Le juge a donné raison à O’Neil, déclarant que l’existence de ce triangle amoureux «ne devrait pas automatiquement rejeter la demande d’O’Neill de ne pas être expulsé». May Bacdayan ajoute de manière significative : «Pourquoi une personne doit-elle s’engager avec une autre personne uniquement de certaines manières prescrites afin de bénéficier d’une stabilité de logement après le départ d’un être chéri ? Toutes les relations non traditionnelles doivent-elles inclure ou ne comprendre que deux personnes principales?» Citant ensuite un arrêt pertinent pour l’affaire et portant sur la succession du bail d’un couple gay et l’arrêt Obergefell v.
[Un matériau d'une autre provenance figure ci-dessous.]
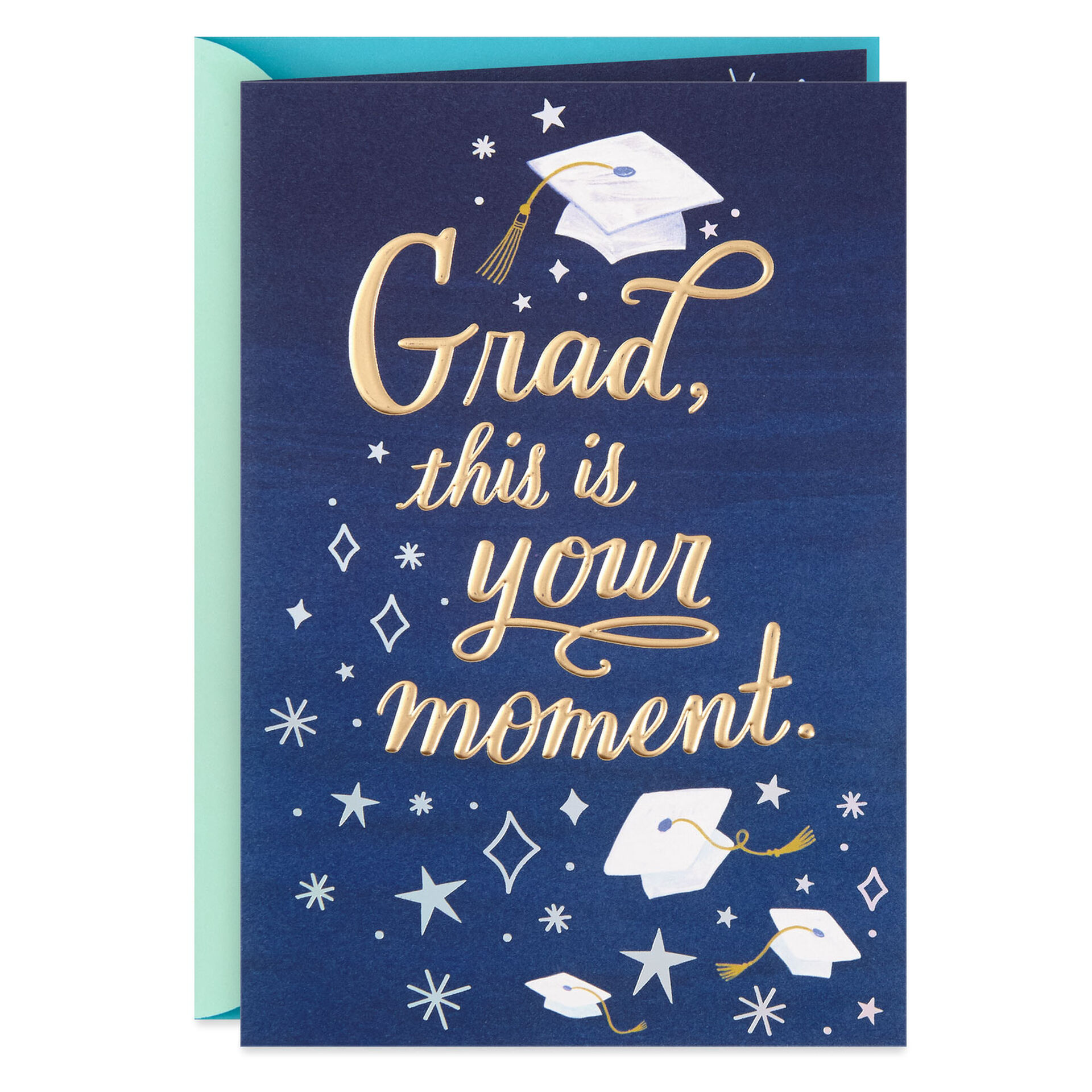 This Is Your Moment Graduation Card Greeting Cards Hallmark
Hogdes qui s’est ouvert au “mariage” gay, le juge concède que ces arrêts ne reconnaissent «que les relations à deux personnes». Mais il ajoute ensuite : «Ces décisions, cependant, ouvrent la porte à la prise en compte d’autres constructions relationnelles ; et, peut-être, le moment est-il venu de les considérer».

Le raisonnement est simple : pourquoi la seule relation reconnue par la loi devrait-elle être bipersonnelle et non tri-tétra-penta-personnelle ? Qui a dit que l’amour n’est basé que sur deux personnes ? La reconnaissance des couples homosexuels – c’est le raisonnement du juge qui, il faut le dire, a perdu la raison – a clairement montré que l’orientation sexuelle ne peut être le discriminant pour distinguer ce qui est légitime de ce qui ne l’est pas. Mais alors, si l’orientation sexuelle ne pose pas de problème en termes de légitimité juridique, pourquoi le nombre ? Si “l’amour est l’amour”, il l’est aussi et peut-être surtout s’il y a plus de deux amoureux. L’argument ne prend pas une ride car la prémisse est erronée, puisque l’amour qui ne naît pas des liens du sang ou de l’amitié ne peut être qu’exclusif, sinon il n’exprimerait pas un don total pour l’autre.

Nous avons écrit que c’est la première fois dans l’histoire qu’un juge se prononce en faveur d’une relation polyamoureuse. Mais ce n’est pas la première fois qu’une relation entre plus de deux personnes reçoit l’approbation formelle d’une autorité publique. En février de l’année dernière, les médias ont rapporté comment un juge californien n’avait pas tant reconnu une relation polyamoureuse, mais une relation polygénique, c’est-à-dire qu’il avait reconnu qu’il y avait trois hommes comme pères de deux enfants. Une sorte de reconnaissance indirecte du polyamour. En outre, il y a quelques années, le Conseil municipal de Somerville, également aux États-Unis, a qualifié les relations polyamoureuses de forme légitime de partenariat domestique : «une entité formée par des personnes» au lieu d’«une entité formée par deux personnes», peut-on lire dans l’ordonnance du Conseil. La décision du Conseil a été prise parce qu’à l’époque, en pleine urgence Covid, certaines personnes s’étaient plaintes de ne pas être autorisées à rendre visite à leur partenaire dans les hôpitaux, l’accès n’étant autorisé qu’aux membres de la famille et à un partenaire cohabitant.

Le polyamour est finalement l’une des innombrables manifestations du pluralisme culturel – plus pluriel que cela ! – et de la pensée liquide, qui, cependant, lorsqu’elle veut faire autorité, ne répudie pas l’apparence formelle de la loi qui la cristallise et la définit.